The Directors have pleasure in presenting the Twenty Ninth Annual Report of the Company together with the Audited Financial Statements for the financial year ended 31st March, 2018.
FINANCIAL RESULTS
The summarised financial results of the Company for the year ended 31st March, 2018 as compared to the preceding year are as under:
(Rs. in Lakhs)
|
Current Year (2017-18)
|
Previous Year (2016-17) *
|
Total Income
|
76,055.70
|
68,849.09
|
Profit before Finance Costs, Depreciation and Amortization Expense
|
8,914.24
|
8,153.74
|
Less: Finance Costs
|
1,457.25
|
1,487.74
|
Less: Depreciation & Amortization Expense
|
2,048.37
|
2,052.76
|
Profit before Tax
|
5,408.62
|
4,613.24
|
Tax Expense
|
(1,885.54)
|
(1,630.59)
|
Profit after Tax
|
3,523.08
|
2,982.65
|
Add: Other Comprehensive Income
|
18.22
|
2.21
|
Total Comprehensive Income
|
3,541.30
|
2,984.86
|
*Figures are re-stated as per Ind AS.
FINANCIAL AND OPERATIONAL PERFORMANCE
Your Company has prepared the Financial Statements for the year ended 31st March, 2018 for the first time in accordance with the Indian Accounting Standards (Ind AS) notified under Section 133 of the Companies Act, 2013 read with relevant rules issued thereunder. Previous year figures have been regrouped/re-classified wherever necessary and have been re-stated as per Ind AS.
We are pleased to inform you that your Company posted a growth of 10.39%, in revenue from operations of Rs.75,755.27 Lakh, during the year under review, as compared to Rs.68,623.03 Lakh in the previous year. The Company achieved Earnings before Depreciation, Interest and Taxation (EBITDA) of Rs.8914.24 Lakh in financial year 2017-18 against Rs.8,153.74 Lakh in financial year 2016-17, thereby registering a growth of 9.33% on year to year basis. During the year under review, the Net Profit of the Company is improved by 18.12% at Rs.3,523.08 Lakh as against Rs.2982.65 Lakh in previous year due to growth in volumes and cost consciousness.
During the year, the business landscape witnessed a historical tax reform in indirect taxation, causing initial disruption. The Goods and Services Tax (GST) regime has since then stabilized. The recent rationalization in GST rates is expected to trigger positive sentiments amongst consumers and we are optimistic about growth opportunities it may bring.

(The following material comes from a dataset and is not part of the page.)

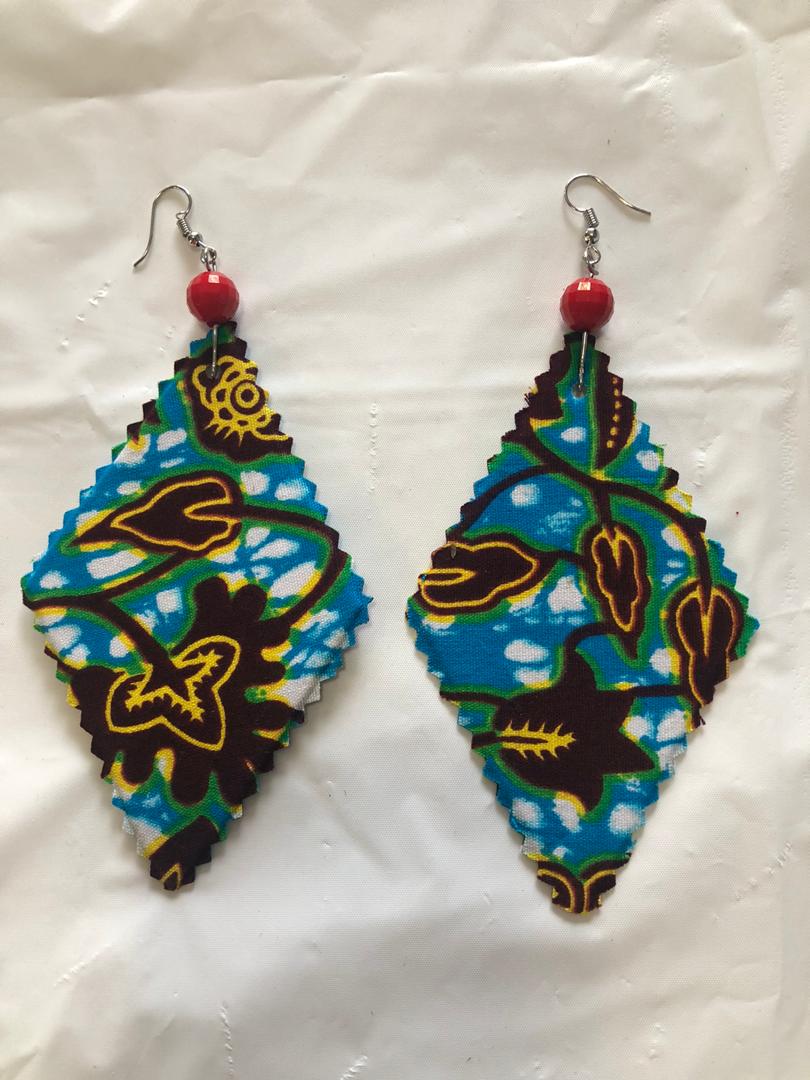 Fabric Mixed Print Earrings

Despite rising commodity prices and high GST rates, Ganesha continued to reinforce its market position and product portfolio. Your directors are pleased to report that Company's additional production line at Temra has commenced commercial production of RPSF with an installed capacity of 21,000 TPA, w.e.f. 1st February, 2018 and full effect thereof will be reflected in the working of current financial year. With commissioning of the project, the consolidated RPSF capacity of the Company has reached at 1,08,600 TPA.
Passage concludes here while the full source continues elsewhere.